One thing I'm trying is: Define for squarefree $n$ $$a_\mathbf z(n):=\frac {1}{2^{\omega (n)}}\prod _{p|n}\left (\frac {1}{p^z}+\frac {1}{p^{z'}}\right )=\frac {1}{2^{\omega (n)}}\sum _{ml=n}\frac {1}{m^zl^{z'}}.$$ Then $$\mathcal Z_\mathbf z(s)=\sum _{n=1}^\infty \frac {\mu (n)a_\mathbf z(n)}{n^s}=\sum _{n=1}^\infty \frac {\mu (n)}{n^s2^{\omega (n)}}\sum _{ml=n}\frac {1}{m^zl^{z'}}$$ so $$\mathcal Z_\mathbf 0(s)=\sum _{n=1}^\infty \frac {\mu (n)d(n)}{n^s2^{\omega (n)}}=\sum _{n=1}^\infty \frac {\mu (n)}{n^s}=\frac {1}{\zeta (s)}.$$ (This is obviously the same as (1) but I can differentiate the expressions in the derivations, and I guess I was hoping that matching $\log $ powers have equal coefficients, or something like that.)
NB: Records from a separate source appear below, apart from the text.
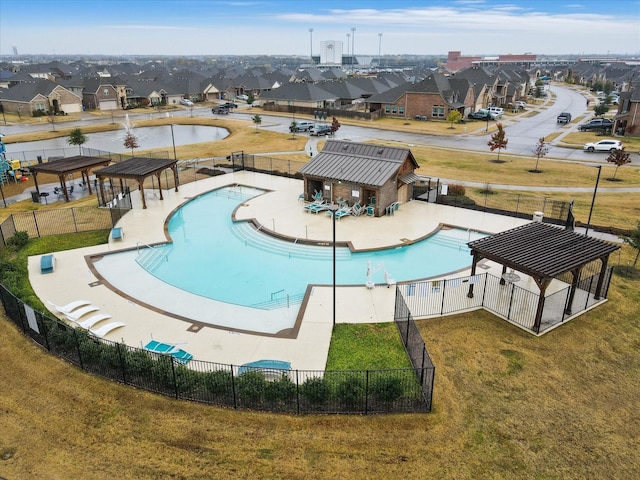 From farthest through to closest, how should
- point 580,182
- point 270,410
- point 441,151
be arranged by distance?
point 441,151, point 580,182, point 270,410

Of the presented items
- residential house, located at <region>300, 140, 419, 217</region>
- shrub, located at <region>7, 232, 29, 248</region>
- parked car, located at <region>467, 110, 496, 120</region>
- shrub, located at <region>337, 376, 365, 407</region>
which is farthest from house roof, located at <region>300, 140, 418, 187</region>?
parked car, located at <region>467, 110, 496, 120</region>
Proposed method: Begin with Faà di Bruno's formula for the high-order derivatives of a composition of two functions: $$ \frac{d^n}{dz^n} h\bigl( g(z) \bigr) = \sum_{k=1}^n h^{(k)}(g(z)) B_{n,k}\bigl( g'(z),g''(z),\dots,g^{(n)}(z) \bigr), $$ where the incomplete exponential Bell polynomials are defined to be $$ B_{n,k}(x_1,\dots,x_n) = \sum_{\substack{0\le m_1,m_2,\dots,m_n\le n \\ m_1+2m_2+\cdots+nm_n = n \\ m_1+m_2+\cdots+m_n=k}} \frac{n!}{m_1!m_2!\cdots m_n!} \biggl( \frac{x_1}{1!} \biggr)^{m_1} \biggl( \frac{x_2}{2!} \biggr)^{m_2} \cdots \biggl( \frac{x_n}{n!} \biggr)^{m_n}, $$ When applied with $h(u)=e^u$, this becomes $$ \frac{d^n}{dz^n} e^{g(z)} = \sum_{k=1}^n e^{g(t)} B_{n,k}\bigl( g'(z),g''(z),\dots,g^{(n)}(z) \bigr) = e^{g(z)} B_n\bigl( g'(z),g''(z),\dots,g^{(n)}(z) \bigr). $$ where the complete exponential Bell polynomial is \begin{align*} B_n(x_1,\dots,x_n) &= \sum_{k=1}^n B_{n,k}(x_1,\dots,x_n) \\ &= \sum_{\substack{0\le m_1,m_2,\dots,m_n\le n \\ m_1+2m_2+\cdots+nm_n = n}} \frac{n!}{m_1!m_2!\cdots m_n!} \biggl( \frac{x_1}{1!} \biggr)^{m_1} \biggl( \frac{x_2}{2!} \biggr)^{m_2} \cdots \biggl( \frac{x_n}{n!} \biggr)^{m_n}. \end{align*} You can apply this with $g(\mathbf z) = \log \mathcal Z_\mathbf z(s)$ and then set $\mathbf z=0$; and you can also apply it with $g(s) = \log \mathcal Z_\mathbf 0(s)$. Compare the answers and see what happens....